視力をなくし、独り静かに暮らすミチル。職場の人間関係に悩むアキヒロ。駅のホームで起きた殺人事件が、寂しい二人を引き合わせた。犯人として追われるアキヒロは、ミチルの家へ逃げ込み、居間の隅にうずくまる。他人の気配に怯えるミチルは、身を守るため、知らない振りをしようと決める。奇妙な同棲生活が始まった――。
伏線が散りばめられていて、結末には唸った。
同僚との付き合いをしないアキヒロ。
自分と似てて読んでてちょっと苦しくなった…。
素敵な表現がたくさんあった。
“自分にあるのは、家と、その中に充ちている暗闇だけだ。他には何もない、コンパクトな一人だけの世界。家が卵の殻、暗闇が白身、自分が黄身。寂しいような、それでも穏やかな気分だった。
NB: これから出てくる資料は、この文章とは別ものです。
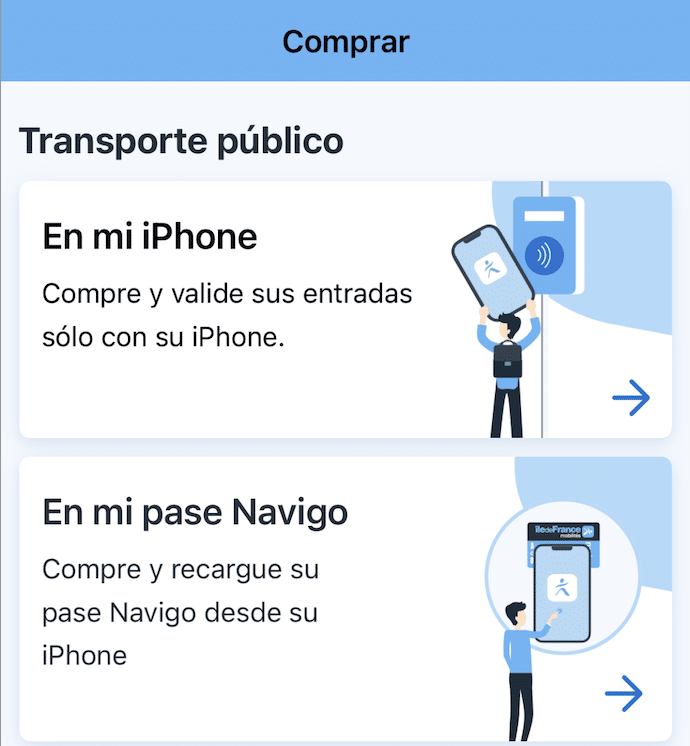 Captura de Pantalla de la aplicación IDF mobilités para comprar el Pase Navigo Online
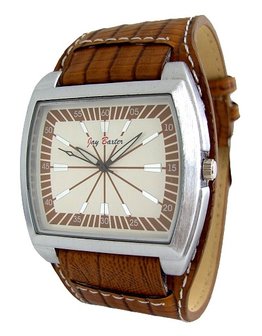 Jay Baxter XXL horloge met lederen band - bruin / creme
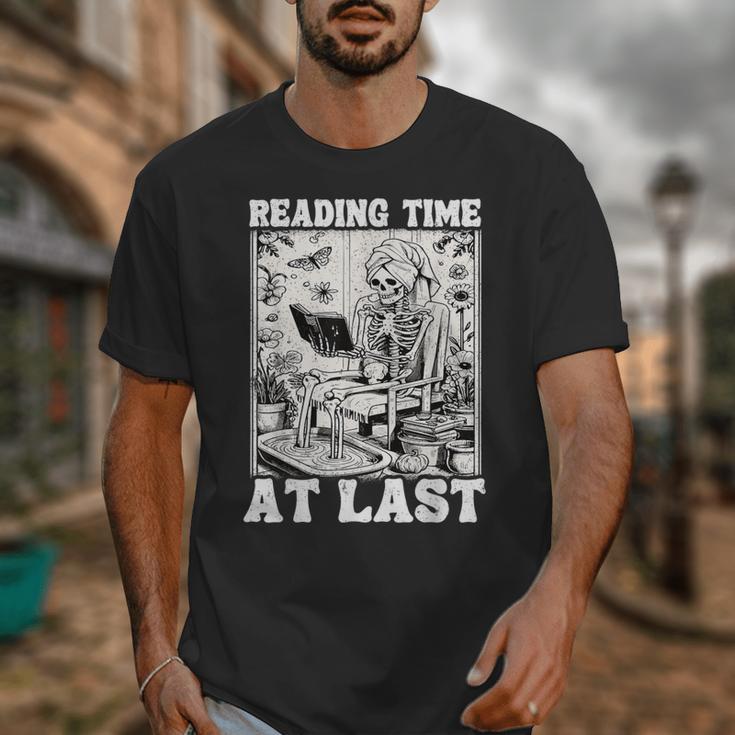 Reading Time At Last Book Lover Introvert Skeleton Reading Unisex T-Shirt Reading Time At Last Book Lover Introvert Skeleton Reading Unisex T-Shirt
まるで自分が柔らかい布に包まれて埋葬されているようでもあった。
Posted by ブクログ
評価の高いホラー小説で検索したら出てきたので読みました。全然ホラーではなかった。
せっかく面白いのにこのタイトルとこの表紙だと、敬遠されそうではないか…?
この表紙は好きではあるけど、絶対別の表紙にしたほうが良いと思う。笑
怖めの表紙からワクワク期待していたが、ホラーじゃないじゃん!と最初はがっかりしたものの、短く優しいミステリーで楽しめた。
文章だけの小説も、読者の想像力任せで景色は見えないし聞こえない。情景が浮かぶわかりやすい文章なので読みやすかった。
作中の人物たちに共感する部分もあり、視覚障害への考え・目が見える自分の行動も改めて考えさせられた。